__Given data__:
=== Begin Enclosure ===

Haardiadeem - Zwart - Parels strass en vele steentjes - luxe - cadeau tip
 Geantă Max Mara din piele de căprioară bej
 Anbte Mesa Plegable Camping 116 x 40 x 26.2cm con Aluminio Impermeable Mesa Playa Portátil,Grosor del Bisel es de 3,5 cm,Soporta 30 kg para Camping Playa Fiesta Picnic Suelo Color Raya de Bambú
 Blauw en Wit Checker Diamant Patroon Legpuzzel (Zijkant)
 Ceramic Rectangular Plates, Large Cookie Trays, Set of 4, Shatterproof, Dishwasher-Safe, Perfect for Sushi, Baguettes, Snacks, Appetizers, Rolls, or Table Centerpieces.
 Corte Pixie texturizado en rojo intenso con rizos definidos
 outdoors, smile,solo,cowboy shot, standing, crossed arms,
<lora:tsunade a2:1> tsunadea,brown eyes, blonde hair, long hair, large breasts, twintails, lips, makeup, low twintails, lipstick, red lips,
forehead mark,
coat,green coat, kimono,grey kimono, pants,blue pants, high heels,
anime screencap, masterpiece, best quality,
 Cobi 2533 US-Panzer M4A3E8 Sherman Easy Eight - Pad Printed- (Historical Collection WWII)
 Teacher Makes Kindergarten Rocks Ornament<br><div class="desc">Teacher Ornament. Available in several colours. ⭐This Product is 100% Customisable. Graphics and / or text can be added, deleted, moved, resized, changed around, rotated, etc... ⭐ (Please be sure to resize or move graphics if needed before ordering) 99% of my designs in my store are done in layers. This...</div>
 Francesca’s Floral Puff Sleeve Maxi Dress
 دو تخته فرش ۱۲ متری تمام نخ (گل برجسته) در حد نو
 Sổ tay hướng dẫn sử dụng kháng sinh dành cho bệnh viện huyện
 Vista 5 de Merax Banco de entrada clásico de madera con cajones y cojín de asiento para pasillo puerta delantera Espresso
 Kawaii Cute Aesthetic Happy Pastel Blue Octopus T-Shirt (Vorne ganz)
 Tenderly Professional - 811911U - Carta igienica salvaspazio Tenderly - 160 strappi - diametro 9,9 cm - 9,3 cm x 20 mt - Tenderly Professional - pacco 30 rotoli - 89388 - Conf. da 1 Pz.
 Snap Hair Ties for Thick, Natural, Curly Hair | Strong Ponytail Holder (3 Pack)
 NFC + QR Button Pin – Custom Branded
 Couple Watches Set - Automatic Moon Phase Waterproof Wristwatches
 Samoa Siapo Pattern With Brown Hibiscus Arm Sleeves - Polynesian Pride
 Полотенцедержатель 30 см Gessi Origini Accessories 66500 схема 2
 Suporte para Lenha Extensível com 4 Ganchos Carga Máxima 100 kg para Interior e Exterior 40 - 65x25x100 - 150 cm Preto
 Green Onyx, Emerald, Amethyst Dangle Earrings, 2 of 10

=== End Enclosure ===

__Instructions to follow__:
Copy every line of the listing that contains the word "para".

__Finished task__:
 Anbte Mesa Plegable Camping 116 x 40 x 26.2cm con Aluminio Impermeable Mesa Playa Portátil,Grosor del Bisel es de 3,5 cm,Soporta 30 kg para Camping Playa Fiesta Picnic Suelo Color Raya de Bambú
 Vista 5 de Merax Banco de entrada clásico de madera con cajones y cojín de asiento para pasillo puerta delantera Espresso
 Suporte para Lenha Extensível com 4 Ganchos Carga Máxima 100 kg para Interior e Exterior 40 - 65x25x100 - 150 cm Preto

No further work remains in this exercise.